Disease outbreaks with imported foods are on the rise, and fish and spices are the foods most likely to cause problems.
It's not that imported foods are any nastier than home-grown, according to a presentation today from researchers at the U.S. Centers for Disease Control and Prevention. It's that we're eating a lot more of them.
"Since the late 1990s the amount of food that's imported has doubled," says Hannah Gould, an epidemiologist at the CDC who's been studying imported food and food safety. "The number of outbreaks has mirrored that."
But outbreaks caused by imported foods tend to affect a lot more people, since they're sold in multiple states. Typically just one to two percent of food outbreaks affect people in more than one state, Gould says. But with imported foods, 25 percent of the 39 outbreaks affected more than one state.
And the CDC thinks that problems with imported food are under-reported, because people often don't know the source of the food.
More than three-quarters of seafood consumed in the United States is imported. And those imported fish are the biggest food safety problem — 45 percent of the outbreaks caused by imported food from 2005 to 2010 involved seafood, according to the new data from the CDC released today.
Spices may be good for the heart but they can also be risky; 15 percent of the imported food outbreaks were caused by spices. Imported spices often have pathogens on them because of they way they are harvested and dried.

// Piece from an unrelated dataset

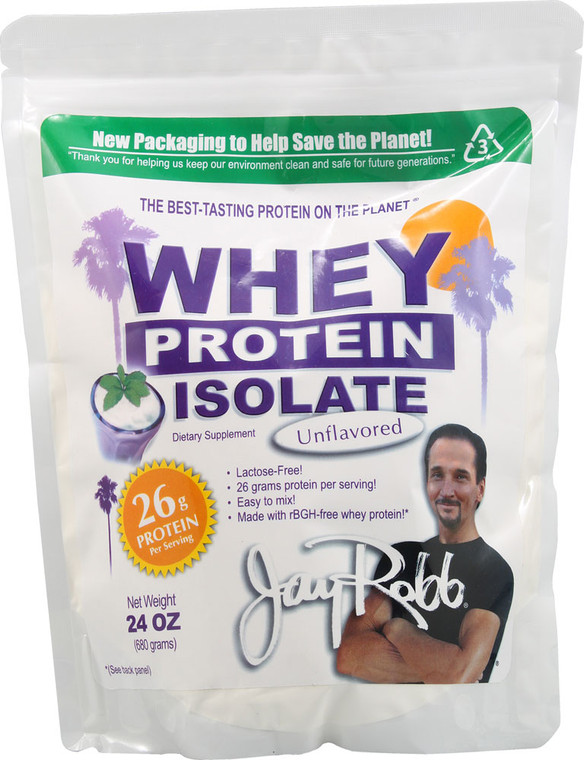 Jay Robb Whey Protein Isolate Unflavored -- 24 oz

The Salt recently reported on Salmonella contamination in organic celery seed. Many spices are irradiated to kill pathogens, but organic seeds often aren't.
Spice outbreaks are especially hard for disease detectives to track, Gould says, because people don't think of them as a discrete item in their diet. "They're part of other food," she tells The Salt.

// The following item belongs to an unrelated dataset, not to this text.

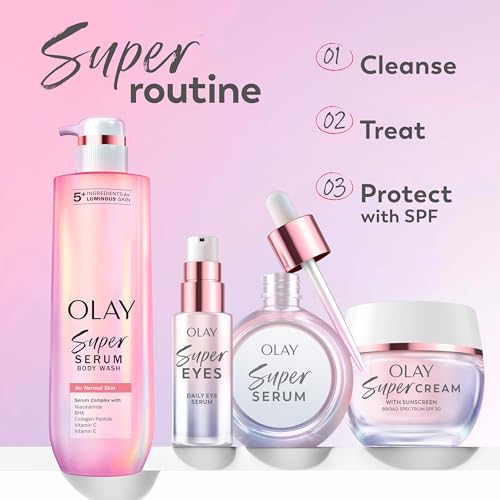 Olay Super Serum - Niacinamide, Vitamin C & E, Collagen Peptide, AHA - 5-in-1 Skin Care Benefits for Face - Healthy Glow, Brightening, Hydrating, Smoothing, Firming, Evens Tone, Anti-Aging, 1.0 Oz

She reported the results of the study today at the meeting of the International Conference on Emerging Infectious Diseases on Atlanta.
The new Food Safety Modernization Act calls for more inspection of imported food. But those inspections are still in the works.
Knowing that imported foods are a growing source of outbreaks shouldn't change how we eat — as long as we're taking the right precautions.
"Consumers should approach safety the way they always have," says Gould. "Cook, separate, chill — follow prevention measures."